[SPARK-29197][SQL] Remove saveModeForDSV2 from DataFrameWriter

brkyvz · cloud-fan · commit c8159c7941f5 · 2019-09-26T15:20:04.000+08:00
### What changes were proposed in this pull request? It is very confusing that the default save mode is different between the internal implementation of a Data source. The reason that we had to have saveModeForDSV2 was that there was no easy way to check the existence of a Table in DataSource v2. Now, we have catalogs for that. Therefore we should be able to remove the different save modes. We also have a plan forward for `save`, where we can't really check the existence of a table, and therefore create one. That will come in a future PR. ### Why are the changes needed? Because it is confusing that the internal implementation of a data source (which is generally non-obvious to users) decides which default save mode is used within Spark. ### Does this PR introduce any user-facing change? It changes the default save mode for V2 Tables in the DataFrameWriter APIs ### How was this patch tested? Existing tests Closes #25876 from brkyvz/removeSM. Lead-authored-by: Burak Yavuz <brkyvz@gmail.com> Co-authored-by: Burak Yavuz <burak@databricks.com> Signed-off-by: Wenchen Fan <wenchen@databricks.com>
diff --git a/external/kafka-0-10-sql/src/test/scala/org/apache/spark/sql/kafka010/KafkaSinkSuite.scala b/external/kafka-0-10-sql/src/test/scala/org/apache/spark/sql/kafka010/KafkaSinkSuite.scala
@@ -400,6 +400,7 @@ abstract class KafkaSinkBatchSuiteBase extends KafkaSinkSuiteBase {
       .format("kafka")
       .option("kafka.bootstrap.servers", testUtils.brokerAddress)

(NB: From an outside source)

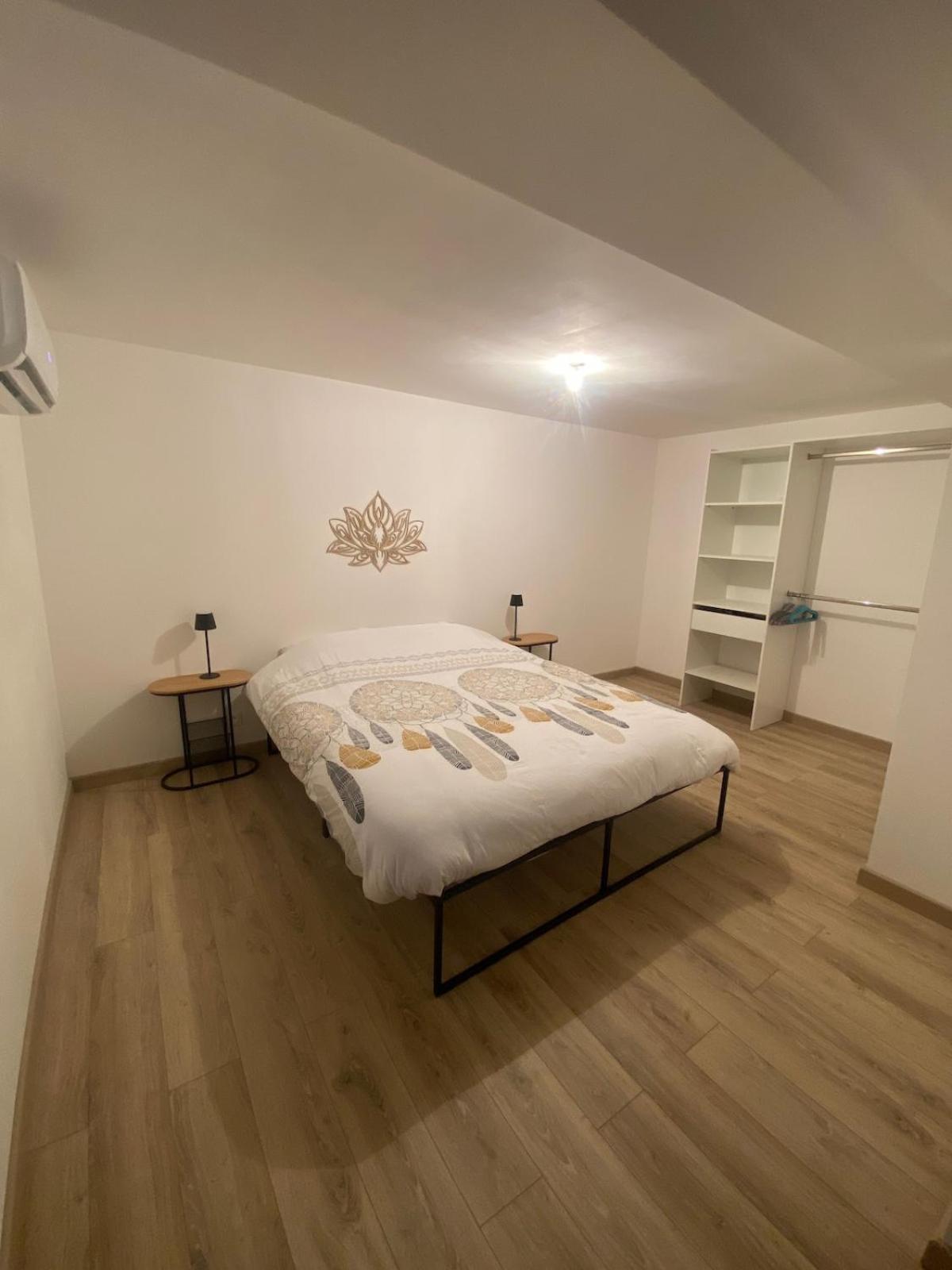 Holiday home Gite Brain-sur-Allonnes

       .option("topic", topic)
+      .mode("append")
       .save()
     checkAnswer(
       createKafkaReader(topic, includeHeaders = true).selectExpr(
@@ -423,6 +424,7 @@ abstract class KafkaSinkBatchSuiteBase extends KafkaSinkSuiteBase {
       df.write
         .format("kafka")
         .option("kafka.bootstrap.servers", testUtils.brokerAddress)
+        .mode("append")
         .save()
     }
     TestUtils.assertExceptionMsg(ex, "null topic present in the data")

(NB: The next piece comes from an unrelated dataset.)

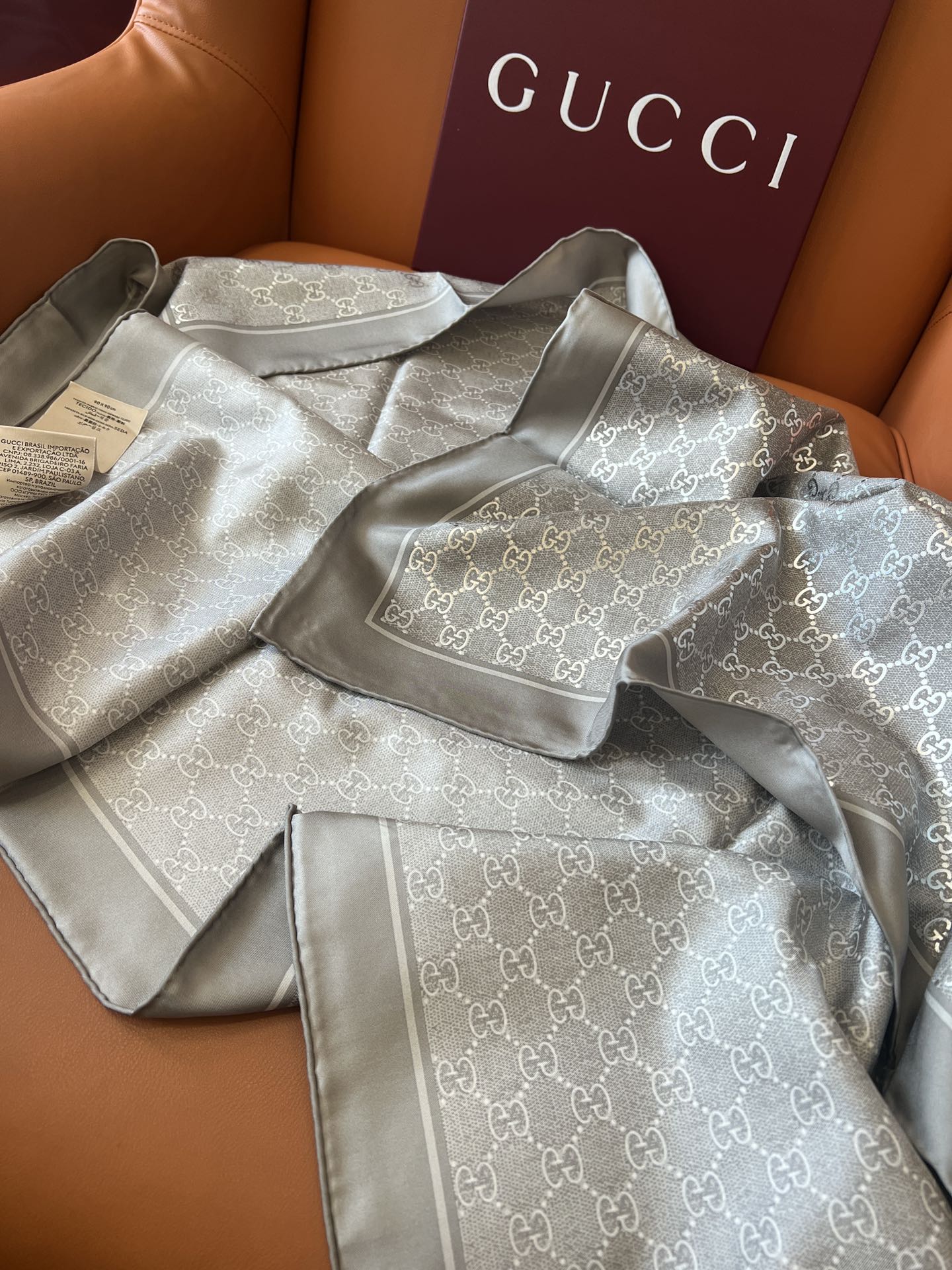 GUCCI 25S SCARF 90 IN SILK 697668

@@ -457,6 +459,7 @@ abstract class KafkaSinkBatchSuiteBase extends KafkaSinkSuiteBase {
       .format("kafka")
       .option("kafka.bootstrap.servers", testUtils.brokerAddress)

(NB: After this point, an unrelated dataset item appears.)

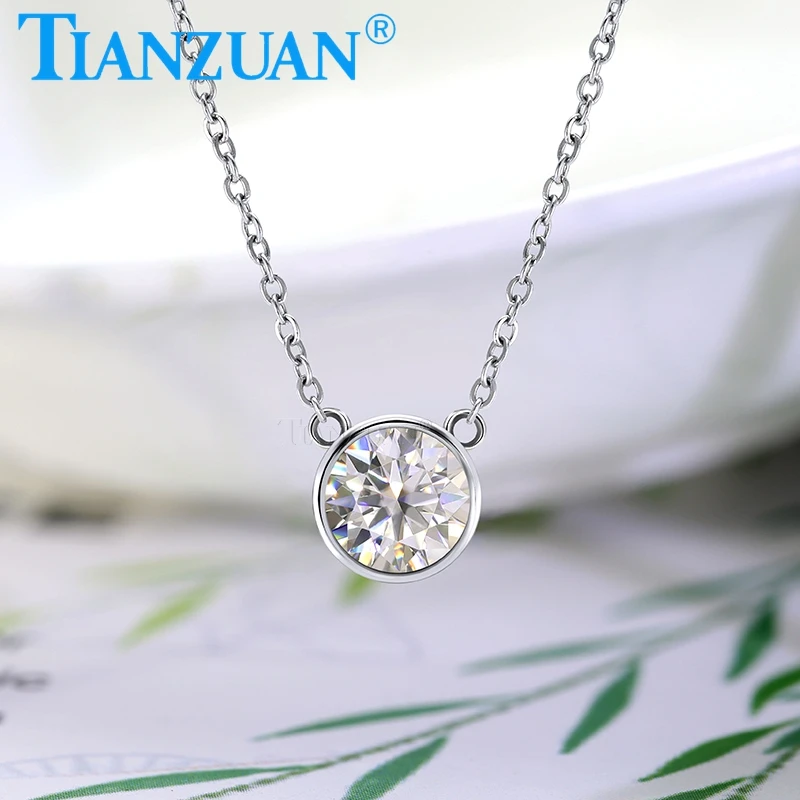 

TIANZUAN RS-007 Moissanite Pendant D Color VVS1 1CT Moissanite Necklace 925 Sterling Silver Fine Jewelry for Women Party Gifts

       .option("topic", topic)
+      .mode("append")
       .save()
   }
 }
diff --git a/sql/catalyst/src/main/scala/org/apache/spark/sql/internal/SQLConf.scala b/sql/catalyst/src/main/scala/org/apache/spark/sql/internal/SQLConf.scala
@@ -1643,7 +1643,7 @@ object SQLConf {
       "implementation class names for which Data Source V2 code path is disabled. These data " +
       "sources will fallback to Data Source V1 code path.")
     .stringConf
-    .createWithDefault("")
+    .createWithDefault("kafka")
 
   val DISABLED_V2_STREAMING_WRITERS = buildConf("spark.sql.streaming.disabledV2Writers")
     .doc("A comma-separated list of fully qualified data source register class names for which" +
diff --git a/sql/core/src/main/scala/org/apache/spark/sql/DataFrameWriter.scala b/sql/core/src/main/scala/org/apache/spark/sql/DataFrameWriter.scala
@@ -67,7 +67,7 @@ final class DataFrameWriter[T] private[sql](ds: Dataset[T]) {
    * @since 1.4.0
    */
   def mode(saveMode: SaveMode): DataFrameWriter[T] = {
-    this.mode = Some(saveMode)
+    this.mode = saveMode
     this
   }
 
@@ -267,7 +267,7 @@ final class DataFrameWriter[T] private[sql](ds: Dataset[T]) {
               "if partition columns are specified.")
           }
           lazy val relation = DataSourceV2Relation.create(table, dsOptions)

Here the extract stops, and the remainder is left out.